◆ **Material provided**
▬▬▬
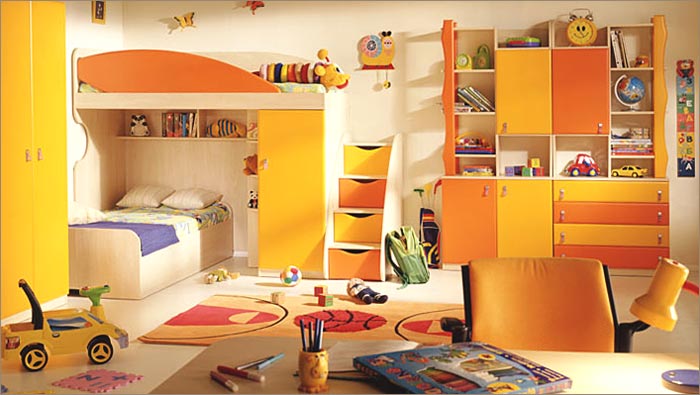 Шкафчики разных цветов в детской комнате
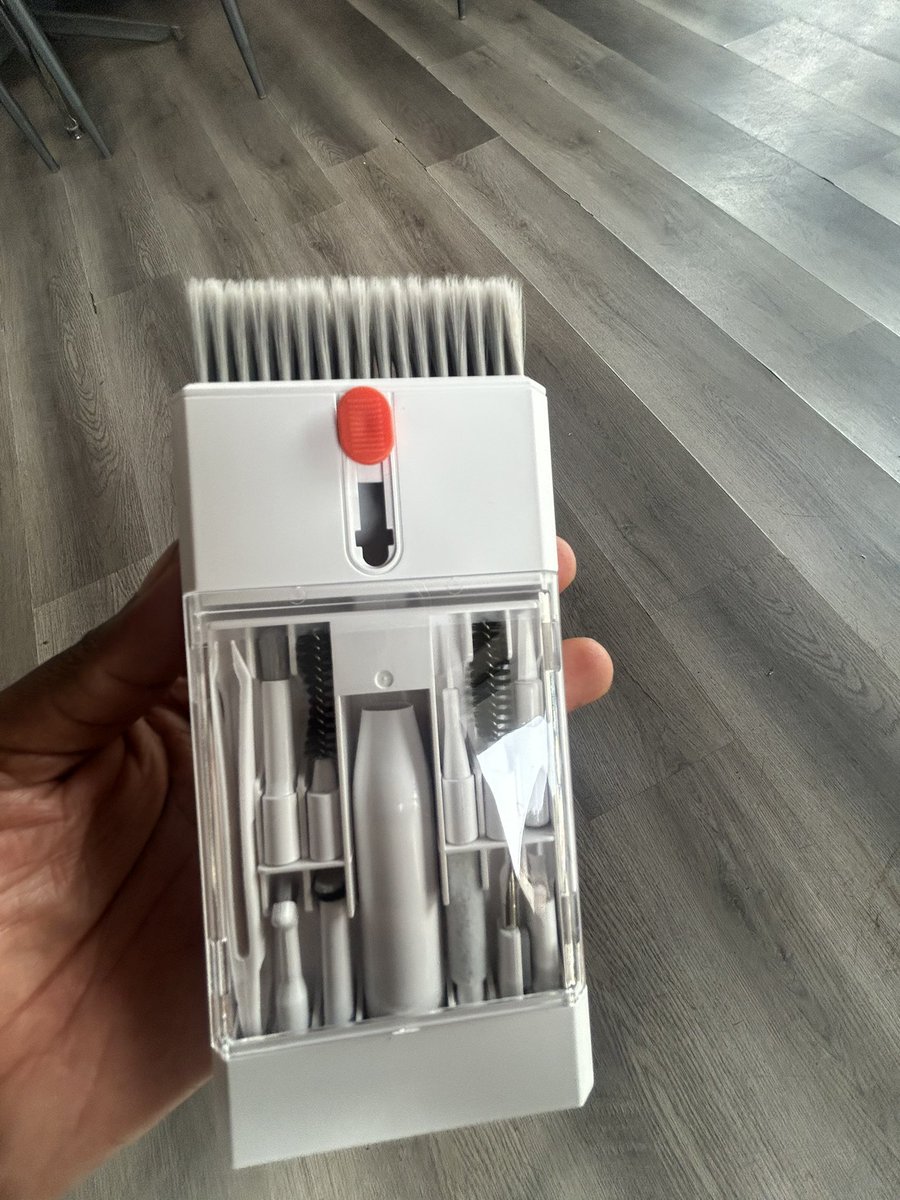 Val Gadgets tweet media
▬▬▬
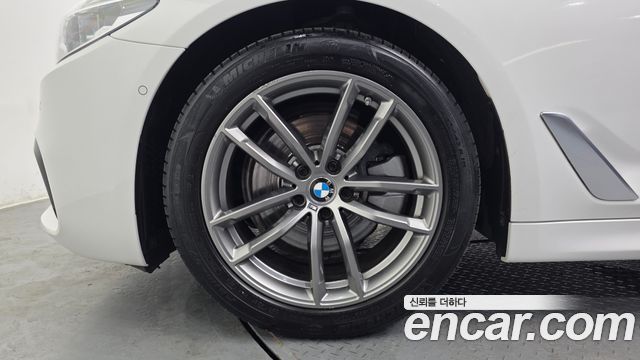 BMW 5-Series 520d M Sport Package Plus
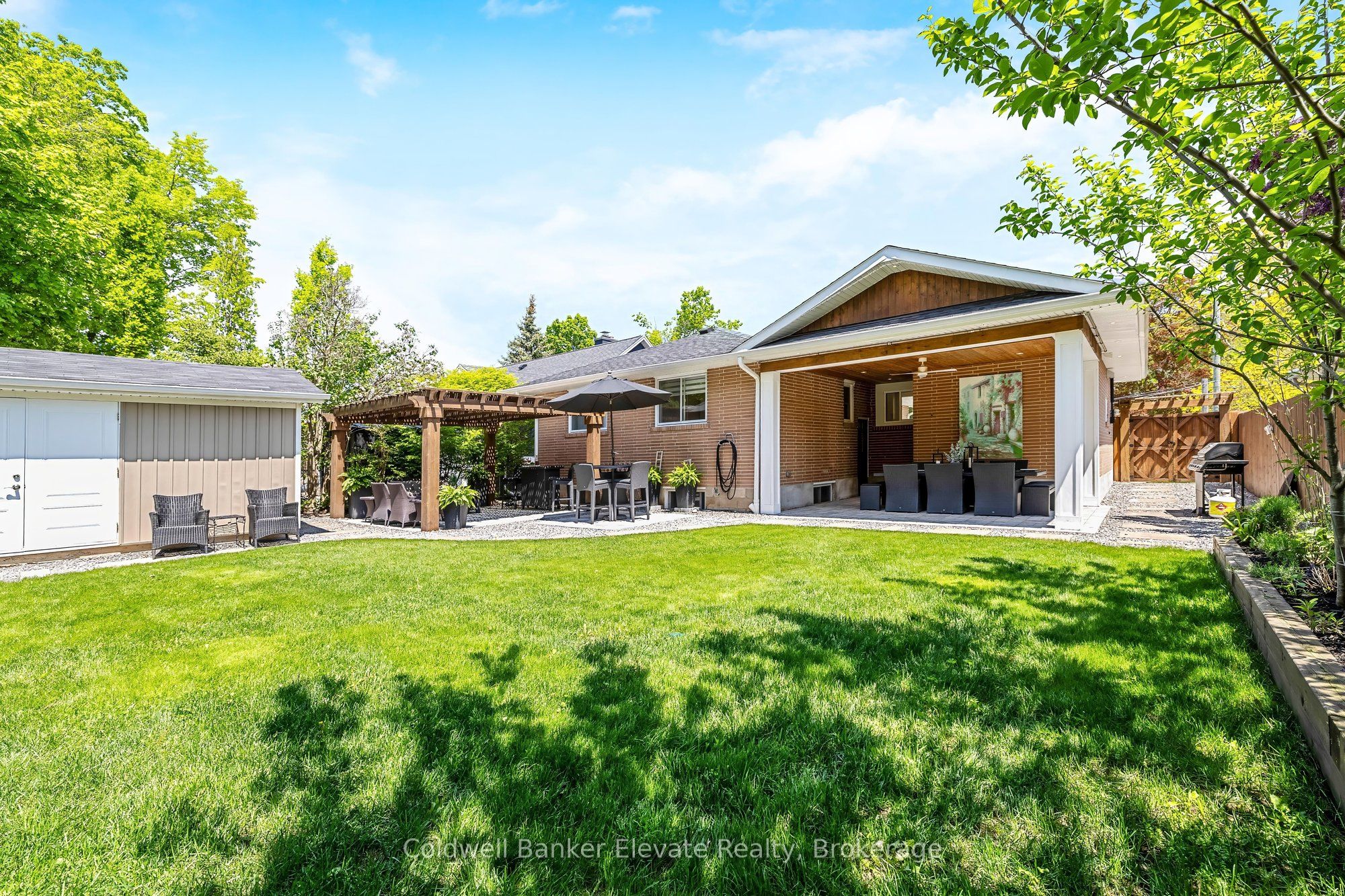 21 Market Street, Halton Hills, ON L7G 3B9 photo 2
▬▬▬
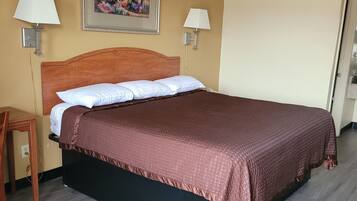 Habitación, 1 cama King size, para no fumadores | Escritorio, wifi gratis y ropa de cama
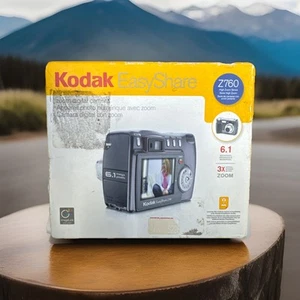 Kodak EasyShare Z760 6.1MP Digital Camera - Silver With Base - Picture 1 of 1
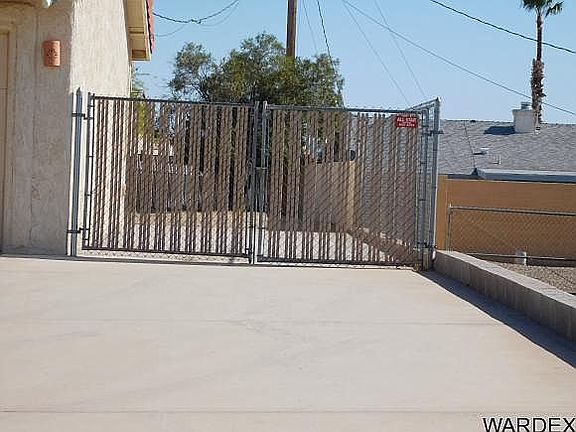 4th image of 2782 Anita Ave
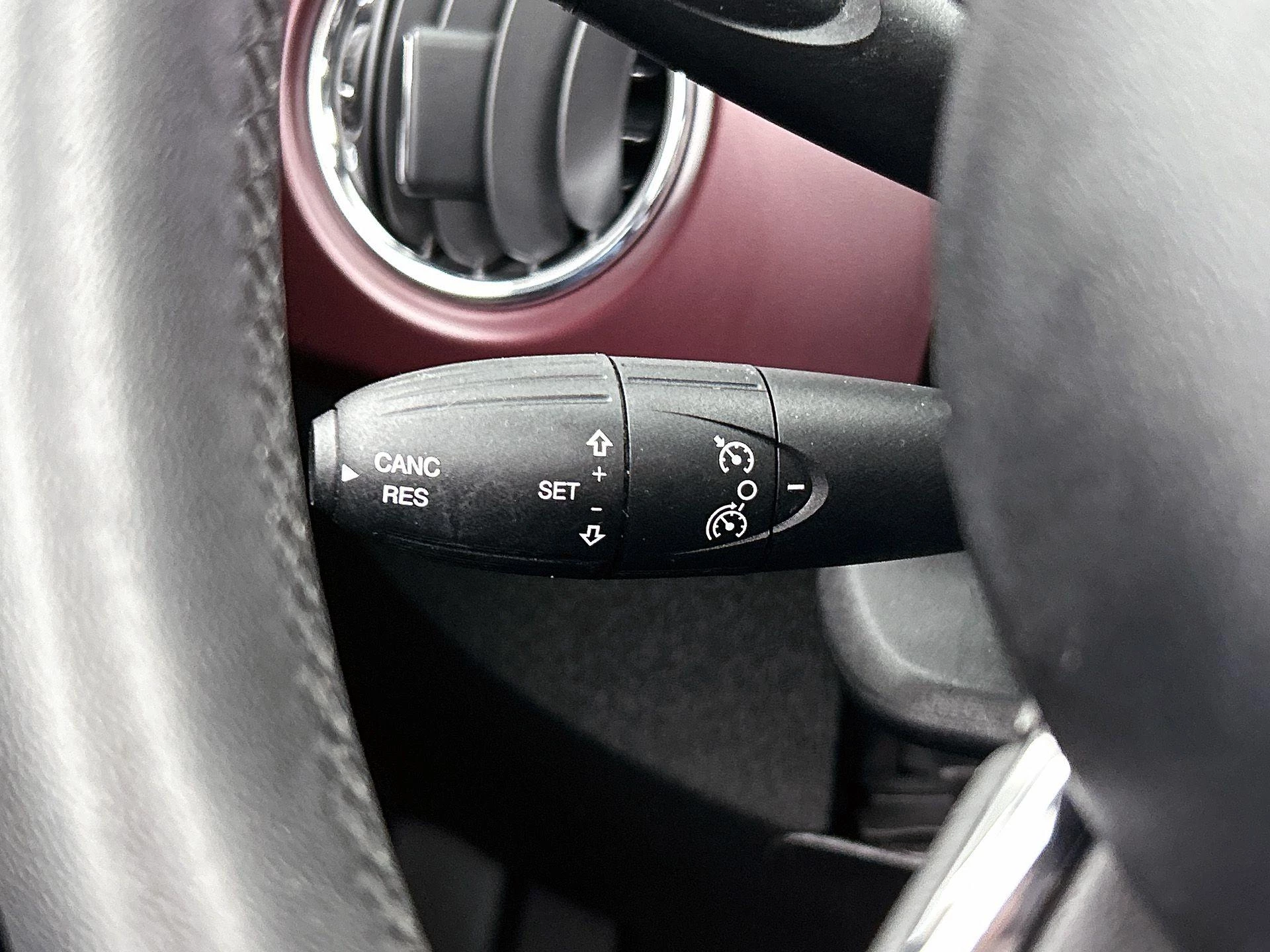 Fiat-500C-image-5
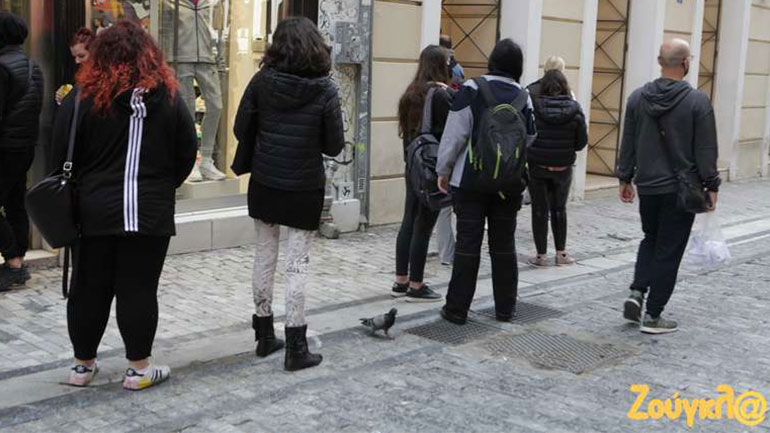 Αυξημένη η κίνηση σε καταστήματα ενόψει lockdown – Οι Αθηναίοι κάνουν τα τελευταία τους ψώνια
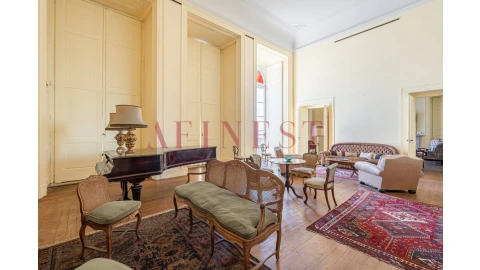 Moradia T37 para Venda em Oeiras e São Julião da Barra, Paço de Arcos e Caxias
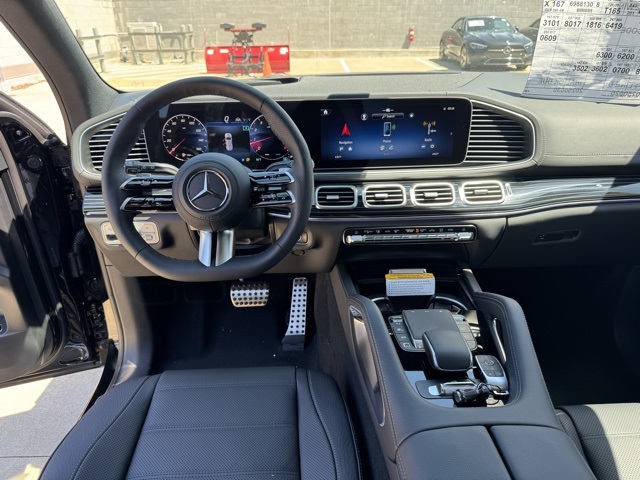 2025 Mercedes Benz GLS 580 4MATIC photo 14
▬▬▬
◆ **Prompt**
Reproduce the listing above only between the lines holding "Шкафчики разных цветов в детской комнате" and "Val Gadgets tweet media", inclusive. Every line must match exactly, and pictures are dropped.

◆ **Result**
 Шкафчики разных цветов в детской комнате
 Val Gadgets tweet media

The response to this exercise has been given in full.